Yields are healthy, but where growers did the necessary work in the vineyards, either through pruning short, de-budding or carrying out green harvests, they are not excessive. Chardonnay yields were invariably below the permitted maximum, typically hovering around 50hl/ha, perhaps because Chardonnay tends to bud earlier than Pinot, and therefore suffered some limited frost damage causing millerandage at flowering and hampered subsequent fruit-set. An alternative suggestion, proposed by Jacques Carillon, was that the weather at flowering was arguably too hot. Pinot Noir yields were of a similar numerical level to Chardonnay, but the two varieties do not necessarily support higher yields in the same way, Pinot suffering more from excessive production than the more robust Chardonnay. As a result, whites picked at 55hl/ha are often quite concentrated, while reds at the same level may be somewhat lighter.
The resultant wines are an absolute joy to taste and drink.
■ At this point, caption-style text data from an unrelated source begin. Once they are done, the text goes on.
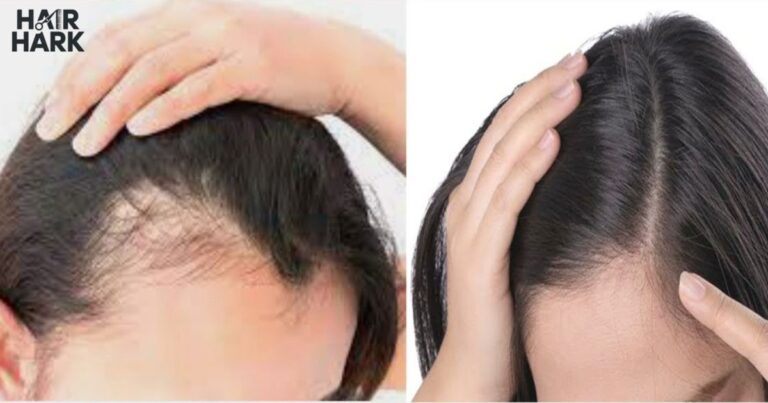 #1 Tip for Getting Past The Awkward Stage of Hair Growth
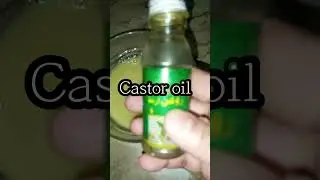 Alopecia & Hair fall dry demigod hair #best #viral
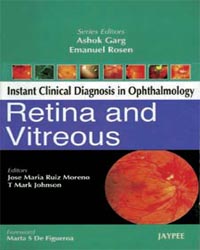 Instant Clinical Diagnosis in Ophthalmology: Retina and Vitreous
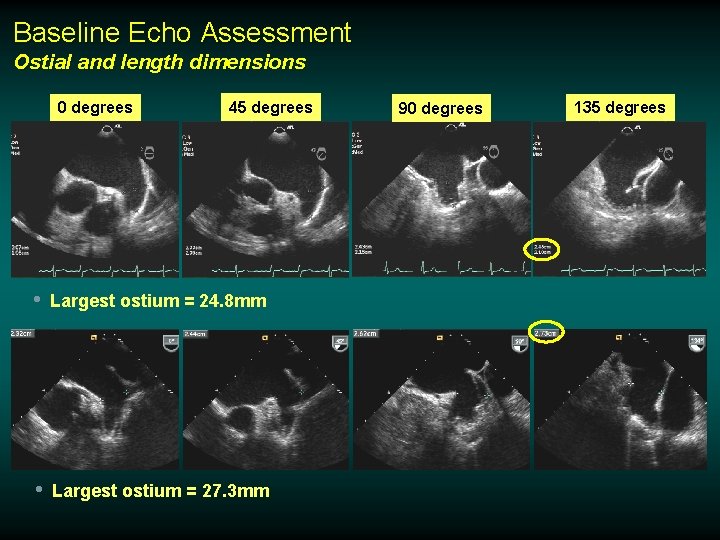 Baseline Echo Assessment Ostial and length dimensions 0 degrees 45 degrees • Largest ostium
The whites are undoubtedly the stars, particularly Chablis, surpassing even the 2014s in all-round balance – which, while receiving intellectual acclaim, appear austere in comparison to 2017. In the Côte de Beaune, the wines are a hybrid of 2014 and 2015, with the energy of the former and the charm of the latter, while the Mâcon wines offer a sunnier expression of Burgundian Chardonnay and will give plenty of enjoyment.
The reds are the kind of wines my colleagues and I love; fresh, transparent, juicy and gourmand, with perfect balance and a classic Burgundian Pinot Noir profile that you simply cannot find anywhere else in the world. They are packed with delicate red berry fruit, subtle but chalky tannins, crisp acidity and modest alcohol levels. At all levels, they are simply the kind of red wines you can’t help but want to drink, and the regional wines will be ready from 2019. As you progress up the quality scale, the wines become more serious and age-worthy, and the structure that is already evident in the best wines will build to give wines which should age well for up to 20 years but are likely to drink well throughout their lifetimes. In the Beaujolais the wines are an exciting hybrid of 2015 and 2016, with the rich fruit and charm of the former and the minerality and freshness of the latter. This has given wines which have such perfect balance that they are a joy to taste now but will age wonderfully for many years.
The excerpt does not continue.